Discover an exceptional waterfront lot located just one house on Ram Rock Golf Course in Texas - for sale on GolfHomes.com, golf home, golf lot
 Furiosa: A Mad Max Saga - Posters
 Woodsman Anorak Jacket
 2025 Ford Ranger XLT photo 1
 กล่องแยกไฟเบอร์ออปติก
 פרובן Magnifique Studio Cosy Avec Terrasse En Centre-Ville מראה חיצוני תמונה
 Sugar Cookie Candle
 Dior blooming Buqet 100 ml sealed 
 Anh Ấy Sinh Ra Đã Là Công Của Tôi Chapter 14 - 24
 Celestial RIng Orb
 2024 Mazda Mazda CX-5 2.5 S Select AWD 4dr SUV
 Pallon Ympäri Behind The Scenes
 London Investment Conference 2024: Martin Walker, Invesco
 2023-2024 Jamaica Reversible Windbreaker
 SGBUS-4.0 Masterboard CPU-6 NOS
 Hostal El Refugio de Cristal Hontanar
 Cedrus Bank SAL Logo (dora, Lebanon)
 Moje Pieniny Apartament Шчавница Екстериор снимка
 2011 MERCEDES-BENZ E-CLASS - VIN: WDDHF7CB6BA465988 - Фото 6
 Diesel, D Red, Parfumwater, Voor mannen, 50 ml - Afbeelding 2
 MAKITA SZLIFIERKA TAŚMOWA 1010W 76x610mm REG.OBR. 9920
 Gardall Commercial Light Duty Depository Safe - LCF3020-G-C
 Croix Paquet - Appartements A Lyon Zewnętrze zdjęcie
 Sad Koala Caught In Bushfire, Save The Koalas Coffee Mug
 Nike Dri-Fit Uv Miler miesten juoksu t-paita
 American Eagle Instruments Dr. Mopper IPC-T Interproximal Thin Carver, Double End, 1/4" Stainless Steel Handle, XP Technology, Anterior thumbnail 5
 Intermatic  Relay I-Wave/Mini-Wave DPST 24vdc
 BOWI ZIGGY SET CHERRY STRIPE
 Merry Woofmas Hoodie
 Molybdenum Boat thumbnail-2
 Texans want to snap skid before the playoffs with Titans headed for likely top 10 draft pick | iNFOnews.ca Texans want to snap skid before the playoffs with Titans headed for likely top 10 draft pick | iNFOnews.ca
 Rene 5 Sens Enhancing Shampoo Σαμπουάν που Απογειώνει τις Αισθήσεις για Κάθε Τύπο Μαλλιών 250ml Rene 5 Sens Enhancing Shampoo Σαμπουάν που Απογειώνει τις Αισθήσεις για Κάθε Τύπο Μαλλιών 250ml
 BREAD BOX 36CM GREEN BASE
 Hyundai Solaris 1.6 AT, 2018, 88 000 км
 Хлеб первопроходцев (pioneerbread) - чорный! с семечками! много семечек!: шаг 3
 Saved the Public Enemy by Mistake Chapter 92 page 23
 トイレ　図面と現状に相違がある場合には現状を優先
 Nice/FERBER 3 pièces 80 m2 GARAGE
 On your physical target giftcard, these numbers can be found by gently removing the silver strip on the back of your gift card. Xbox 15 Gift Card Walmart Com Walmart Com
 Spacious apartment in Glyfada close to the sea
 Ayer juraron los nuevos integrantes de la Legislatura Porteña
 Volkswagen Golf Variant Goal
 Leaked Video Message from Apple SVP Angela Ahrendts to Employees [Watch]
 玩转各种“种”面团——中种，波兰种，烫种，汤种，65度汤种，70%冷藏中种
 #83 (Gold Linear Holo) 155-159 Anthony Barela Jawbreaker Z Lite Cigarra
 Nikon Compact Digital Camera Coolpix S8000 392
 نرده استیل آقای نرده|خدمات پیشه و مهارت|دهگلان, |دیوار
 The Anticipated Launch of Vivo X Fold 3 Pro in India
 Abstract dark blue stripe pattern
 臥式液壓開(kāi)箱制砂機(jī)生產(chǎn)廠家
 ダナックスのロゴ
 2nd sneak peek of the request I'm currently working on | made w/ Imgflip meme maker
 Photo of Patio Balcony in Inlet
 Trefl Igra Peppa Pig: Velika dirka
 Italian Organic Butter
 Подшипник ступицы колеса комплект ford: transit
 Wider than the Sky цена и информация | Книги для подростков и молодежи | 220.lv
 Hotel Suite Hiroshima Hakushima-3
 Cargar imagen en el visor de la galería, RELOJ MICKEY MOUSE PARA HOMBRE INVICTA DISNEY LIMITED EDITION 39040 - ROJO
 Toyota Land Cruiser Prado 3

* **Prompt**
The lines to extract from the data above begin with the line containing "نرده استیل آقای" and end with the line containing "2nd sneak peek". Extract them exactly, including both.

* **Exercise output**
 نرده استیل آقای نرده|خدمات پیشه و مهارت|دهگلان, |دیوار
 The Anticipated Launch of Vivo X Fold 3 Pro in India
 Abstract dark blue stripe pattern
 臥式液壓開(kāi)箱制砂機(jī)生產(chǎn)廠家
 ダナックスのロゴ
 2nd sneak peek of the request I'm currently working on | made w/ Imgflip meme maker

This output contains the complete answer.